• GIVEN RECORDS:

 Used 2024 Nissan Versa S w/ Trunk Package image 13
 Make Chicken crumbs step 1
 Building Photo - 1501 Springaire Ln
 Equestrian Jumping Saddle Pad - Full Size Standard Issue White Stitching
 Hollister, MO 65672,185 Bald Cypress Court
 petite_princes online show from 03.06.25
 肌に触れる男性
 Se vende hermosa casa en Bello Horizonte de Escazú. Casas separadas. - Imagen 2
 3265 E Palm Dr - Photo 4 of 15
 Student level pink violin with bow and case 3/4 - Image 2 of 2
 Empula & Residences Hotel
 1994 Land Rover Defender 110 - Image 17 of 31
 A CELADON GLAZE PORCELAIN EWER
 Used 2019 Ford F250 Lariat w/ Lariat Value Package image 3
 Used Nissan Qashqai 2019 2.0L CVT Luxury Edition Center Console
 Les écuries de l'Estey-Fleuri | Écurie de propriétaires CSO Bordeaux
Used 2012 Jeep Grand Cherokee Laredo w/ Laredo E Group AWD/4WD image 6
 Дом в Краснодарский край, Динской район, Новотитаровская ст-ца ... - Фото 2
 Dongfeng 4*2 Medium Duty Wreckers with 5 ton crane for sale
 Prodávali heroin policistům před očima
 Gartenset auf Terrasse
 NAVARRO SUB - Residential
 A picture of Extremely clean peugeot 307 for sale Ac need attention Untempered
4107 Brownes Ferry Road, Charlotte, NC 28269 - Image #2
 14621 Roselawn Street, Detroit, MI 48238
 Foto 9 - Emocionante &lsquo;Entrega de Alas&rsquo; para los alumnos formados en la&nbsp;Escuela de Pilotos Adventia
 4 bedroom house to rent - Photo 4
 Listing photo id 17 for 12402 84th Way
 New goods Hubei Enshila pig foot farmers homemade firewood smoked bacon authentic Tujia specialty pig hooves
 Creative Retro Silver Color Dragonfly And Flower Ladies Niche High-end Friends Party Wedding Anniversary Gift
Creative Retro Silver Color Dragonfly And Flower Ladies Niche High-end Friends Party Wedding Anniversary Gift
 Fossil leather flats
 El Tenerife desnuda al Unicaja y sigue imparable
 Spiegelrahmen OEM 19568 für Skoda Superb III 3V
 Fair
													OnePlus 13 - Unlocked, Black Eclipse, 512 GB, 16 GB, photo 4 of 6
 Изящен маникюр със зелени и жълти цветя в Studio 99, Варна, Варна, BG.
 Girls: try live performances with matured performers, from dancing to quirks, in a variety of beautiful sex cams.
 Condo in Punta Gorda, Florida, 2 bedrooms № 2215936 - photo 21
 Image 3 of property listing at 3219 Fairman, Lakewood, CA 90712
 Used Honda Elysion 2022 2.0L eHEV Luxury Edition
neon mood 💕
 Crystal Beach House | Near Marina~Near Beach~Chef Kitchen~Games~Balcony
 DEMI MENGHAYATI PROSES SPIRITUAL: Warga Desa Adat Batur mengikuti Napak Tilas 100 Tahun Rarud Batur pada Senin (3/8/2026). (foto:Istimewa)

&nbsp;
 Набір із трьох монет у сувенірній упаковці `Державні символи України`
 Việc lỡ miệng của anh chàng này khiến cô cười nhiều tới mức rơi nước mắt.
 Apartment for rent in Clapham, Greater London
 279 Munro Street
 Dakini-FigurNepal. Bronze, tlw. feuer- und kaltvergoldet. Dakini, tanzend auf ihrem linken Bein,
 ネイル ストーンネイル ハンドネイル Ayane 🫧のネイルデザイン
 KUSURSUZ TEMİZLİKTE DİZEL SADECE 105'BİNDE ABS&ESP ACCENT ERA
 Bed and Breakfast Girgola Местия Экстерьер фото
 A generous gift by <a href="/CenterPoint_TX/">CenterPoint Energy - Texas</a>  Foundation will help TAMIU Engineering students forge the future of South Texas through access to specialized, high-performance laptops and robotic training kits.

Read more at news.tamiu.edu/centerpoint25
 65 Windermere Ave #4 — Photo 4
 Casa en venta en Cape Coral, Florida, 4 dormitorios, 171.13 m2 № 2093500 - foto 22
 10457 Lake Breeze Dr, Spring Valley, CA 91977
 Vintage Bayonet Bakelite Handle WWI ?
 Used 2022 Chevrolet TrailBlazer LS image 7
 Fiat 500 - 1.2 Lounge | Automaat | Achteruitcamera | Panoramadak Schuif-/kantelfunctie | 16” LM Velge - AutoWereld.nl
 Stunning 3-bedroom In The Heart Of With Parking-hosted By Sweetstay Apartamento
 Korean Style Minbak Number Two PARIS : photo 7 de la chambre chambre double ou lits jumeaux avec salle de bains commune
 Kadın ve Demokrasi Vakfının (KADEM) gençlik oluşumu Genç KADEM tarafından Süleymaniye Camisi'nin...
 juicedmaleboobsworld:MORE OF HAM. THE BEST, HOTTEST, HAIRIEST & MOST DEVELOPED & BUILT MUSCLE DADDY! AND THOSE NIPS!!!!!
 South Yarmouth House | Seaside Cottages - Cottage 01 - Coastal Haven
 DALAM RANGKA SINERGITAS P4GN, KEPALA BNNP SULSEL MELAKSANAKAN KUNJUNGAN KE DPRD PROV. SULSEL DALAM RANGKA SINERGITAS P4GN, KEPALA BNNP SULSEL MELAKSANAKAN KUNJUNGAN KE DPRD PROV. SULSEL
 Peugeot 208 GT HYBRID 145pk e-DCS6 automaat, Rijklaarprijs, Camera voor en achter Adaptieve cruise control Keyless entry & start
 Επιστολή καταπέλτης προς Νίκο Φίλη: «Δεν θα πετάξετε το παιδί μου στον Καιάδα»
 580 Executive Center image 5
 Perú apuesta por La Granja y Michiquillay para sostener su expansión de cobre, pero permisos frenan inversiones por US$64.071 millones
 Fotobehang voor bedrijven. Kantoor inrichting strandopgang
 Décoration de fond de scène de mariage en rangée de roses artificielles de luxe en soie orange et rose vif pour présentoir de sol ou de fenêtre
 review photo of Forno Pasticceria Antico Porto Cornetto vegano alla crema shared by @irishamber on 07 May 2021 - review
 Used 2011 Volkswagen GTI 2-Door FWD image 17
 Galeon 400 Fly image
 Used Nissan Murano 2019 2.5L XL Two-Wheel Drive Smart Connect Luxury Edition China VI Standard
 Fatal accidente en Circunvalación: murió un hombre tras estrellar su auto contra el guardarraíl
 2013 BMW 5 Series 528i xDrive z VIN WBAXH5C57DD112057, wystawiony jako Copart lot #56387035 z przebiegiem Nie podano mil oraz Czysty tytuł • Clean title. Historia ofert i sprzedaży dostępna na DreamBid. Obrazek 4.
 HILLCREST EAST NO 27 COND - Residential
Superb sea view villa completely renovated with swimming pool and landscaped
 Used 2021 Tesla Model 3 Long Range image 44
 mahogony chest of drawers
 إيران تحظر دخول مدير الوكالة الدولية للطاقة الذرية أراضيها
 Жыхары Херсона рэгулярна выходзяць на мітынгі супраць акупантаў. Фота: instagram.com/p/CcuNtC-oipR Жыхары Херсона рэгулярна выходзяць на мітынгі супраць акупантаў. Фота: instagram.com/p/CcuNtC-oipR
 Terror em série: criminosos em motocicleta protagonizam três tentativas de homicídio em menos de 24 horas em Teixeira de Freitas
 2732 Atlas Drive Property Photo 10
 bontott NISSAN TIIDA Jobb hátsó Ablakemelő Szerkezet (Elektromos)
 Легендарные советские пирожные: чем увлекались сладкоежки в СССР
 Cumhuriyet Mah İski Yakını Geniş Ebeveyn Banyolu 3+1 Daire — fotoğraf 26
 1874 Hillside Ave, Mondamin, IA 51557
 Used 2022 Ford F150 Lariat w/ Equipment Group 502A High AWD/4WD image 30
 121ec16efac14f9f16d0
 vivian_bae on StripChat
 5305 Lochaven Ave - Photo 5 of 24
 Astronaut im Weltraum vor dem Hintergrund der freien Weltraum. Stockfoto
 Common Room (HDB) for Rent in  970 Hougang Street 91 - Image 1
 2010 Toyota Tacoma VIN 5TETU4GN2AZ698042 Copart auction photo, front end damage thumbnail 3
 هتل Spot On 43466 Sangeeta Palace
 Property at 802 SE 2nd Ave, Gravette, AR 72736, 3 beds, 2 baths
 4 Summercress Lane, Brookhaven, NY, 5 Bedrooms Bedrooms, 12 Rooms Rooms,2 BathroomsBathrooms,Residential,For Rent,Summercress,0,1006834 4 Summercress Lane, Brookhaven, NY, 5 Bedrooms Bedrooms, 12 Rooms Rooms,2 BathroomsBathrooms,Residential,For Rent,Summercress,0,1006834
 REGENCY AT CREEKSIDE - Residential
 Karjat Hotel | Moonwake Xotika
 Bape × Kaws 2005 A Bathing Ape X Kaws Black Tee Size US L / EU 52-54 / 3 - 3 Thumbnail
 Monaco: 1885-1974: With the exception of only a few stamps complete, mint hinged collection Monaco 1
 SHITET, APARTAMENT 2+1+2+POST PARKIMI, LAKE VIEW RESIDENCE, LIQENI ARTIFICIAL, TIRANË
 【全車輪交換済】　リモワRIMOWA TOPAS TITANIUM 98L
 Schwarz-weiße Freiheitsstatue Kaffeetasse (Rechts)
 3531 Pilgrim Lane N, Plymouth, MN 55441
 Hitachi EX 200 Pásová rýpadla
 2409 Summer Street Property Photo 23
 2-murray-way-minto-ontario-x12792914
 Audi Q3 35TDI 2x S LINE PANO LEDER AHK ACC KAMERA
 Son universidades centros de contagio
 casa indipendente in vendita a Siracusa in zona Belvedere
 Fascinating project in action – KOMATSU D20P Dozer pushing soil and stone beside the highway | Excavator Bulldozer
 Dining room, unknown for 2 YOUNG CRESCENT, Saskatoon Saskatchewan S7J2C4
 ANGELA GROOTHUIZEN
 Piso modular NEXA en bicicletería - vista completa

• EXERCISE BRIEF:
Extract every line containing the string "sale" from the data above.

• WRITTEN ANSWER:
 Dongfeng 4*2 Medium Duty Wreckers with 5 ton crane for sale
 A picture of Extremely clean peugeot 307 for sale Ac need attention Untempered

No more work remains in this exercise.